Pink vs the paparazzi: photostalkers and children’s privacy

A open letter from her website, which I’m quoting at length because extracts don’t do it justice:

Pink and partner Carey pose with their newborn daughter

HaT policy: authorised portraits only of celeb kids

Due to the unsettling, surprisingly aggressive and unsafe measures that the paparazzi seem to be willing to go to in order to secure that “first shot” of our daughter-stalking us, chasing us in cars and sitting outside of our home all day and all night, as new parents Carey and I decided that we would release personal photos of our Willow, and donate all of the money to charity.

Like any parents, we believe our little girl deserves the right to have privacy and be protected, but unfortunately, this media climate doesn’t seem to provide for that… it’s one thing to harass and stalk us, the adults, the celebrity that signed up for this life, but children should be protected and safe. There should be a clear distinction between us.”
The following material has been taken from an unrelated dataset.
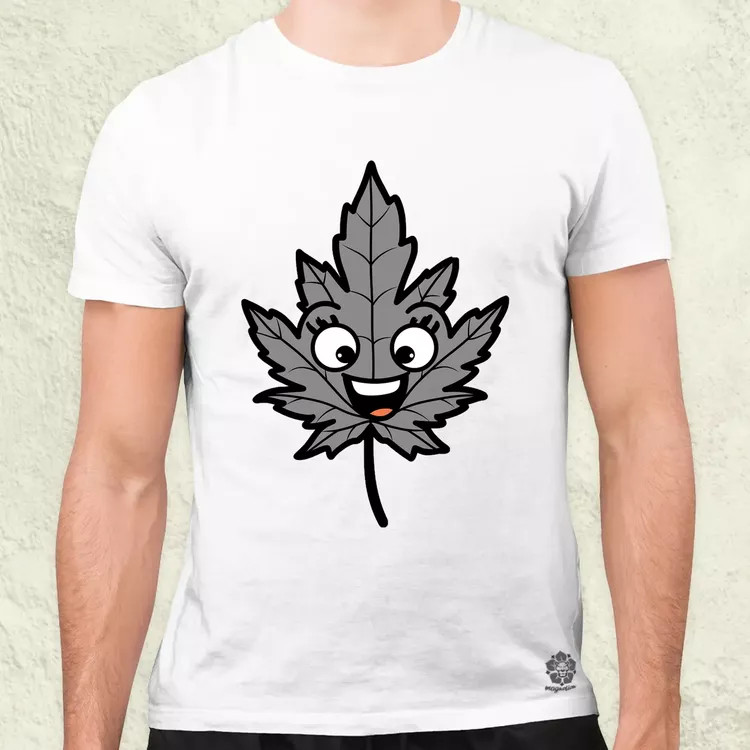 Boldog weed v1 férfi póló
“In every other country that I recall, children’s faces are blurred out in magazine photos. Why is USA the only country that continues to financially incentivize intrusive paparazzi behavior to capitalize on photos of babies, infants and children? Why is this acceptable to any of us? Why is this even legal? These are questions I ask myself as a new parent. Why are celebrities/public figures having to seek restraining orders to keep strange grown men with still and video cameras from sitting perched outside of their children’s pre-schools and elementary schools, preying on little innocent kids? After all, if a stranger was sitting outside of a school taking photographs of random little girls and boys, wouldn’t he be arrested? Or, at least in Philadelphia, he would have to face a more primal sort of recourse. But because it’s the child of a celebrity, somehow it’s okay? I’m just not sure what is wrong with us as a society, that we do more than tolerate this, but our appetite for it seems insatiable. We buy these pictures. We buy these magazines that publish these paparazzi pictures. WHERE DOES IT STOP?”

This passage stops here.